Example

Question:

In a car lift compressed air exerts a force \(F_1\) on a small piston having a radius of 5.0 cm. This pressure is transmitted to a second piston of radius 15 cm. If the mass of the car to be lifted is 1350 kg, calculate \(F_1\).

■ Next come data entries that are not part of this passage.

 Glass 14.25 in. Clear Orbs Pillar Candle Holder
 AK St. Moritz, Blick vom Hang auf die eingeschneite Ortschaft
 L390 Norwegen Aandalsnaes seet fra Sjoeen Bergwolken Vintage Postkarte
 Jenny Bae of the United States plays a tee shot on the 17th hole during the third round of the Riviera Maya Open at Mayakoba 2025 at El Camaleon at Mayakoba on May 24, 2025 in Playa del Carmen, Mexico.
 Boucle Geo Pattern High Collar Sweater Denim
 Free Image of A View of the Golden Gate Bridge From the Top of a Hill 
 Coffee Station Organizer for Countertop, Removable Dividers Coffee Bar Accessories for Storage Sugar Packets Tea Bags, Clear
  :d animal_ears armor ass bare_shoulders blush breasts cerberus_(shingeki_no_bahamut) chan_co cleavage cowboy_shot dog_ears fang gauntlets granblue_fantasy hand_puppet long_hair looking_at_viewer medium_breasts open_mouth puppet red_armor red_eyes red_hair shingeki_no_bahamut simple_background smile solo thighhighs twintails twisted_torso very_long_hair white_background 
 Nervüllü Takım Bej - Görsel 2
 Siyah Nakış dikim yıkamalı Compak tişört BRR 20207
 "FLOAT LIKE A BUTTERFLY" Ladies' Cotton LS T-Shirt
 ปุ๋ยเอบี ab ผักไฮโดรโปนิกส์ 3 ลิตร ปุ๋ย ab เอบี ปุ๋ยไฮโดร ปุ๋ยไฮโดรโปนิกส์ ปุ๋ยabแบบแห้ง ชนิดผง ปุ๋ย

What is the pressure necessary to accomplish this task? (\(g = 9.8\,\mathrm{ms}^{-2}\))

Solution:

Since pressure is transmitted undiminished throughout the fluid, \[ F_1 = \frac{A_1}{A_2} F_2 = \frac{\pi (5 \times 10^{-2}\,\mathrm{m})^2}{\pi (15 \times 10^{-2}\,\mathrm{m})^2} \cdot (1350\,\mathrm{kg} \times 9.8\,\mathrm{ms}^{-2}) \] \[ = 1470\,\mathrm{N} \approx 1.5 \times 10^3\,\mathrm{N} \]
The air pressure that will produce this force is \[ P = \frac{F_1}{A_1} = \frac{1.5 \times 10^3\,\mathrm{N}}{\pi (5 \times 10^{-2})^2\,\mathrm{m}^2} = 1.9 \times 10^5\,\mathrm{Pa} \]
This is almost double atmospheric pressure.
Hydraulic brakes in automobiles also work on the same principle.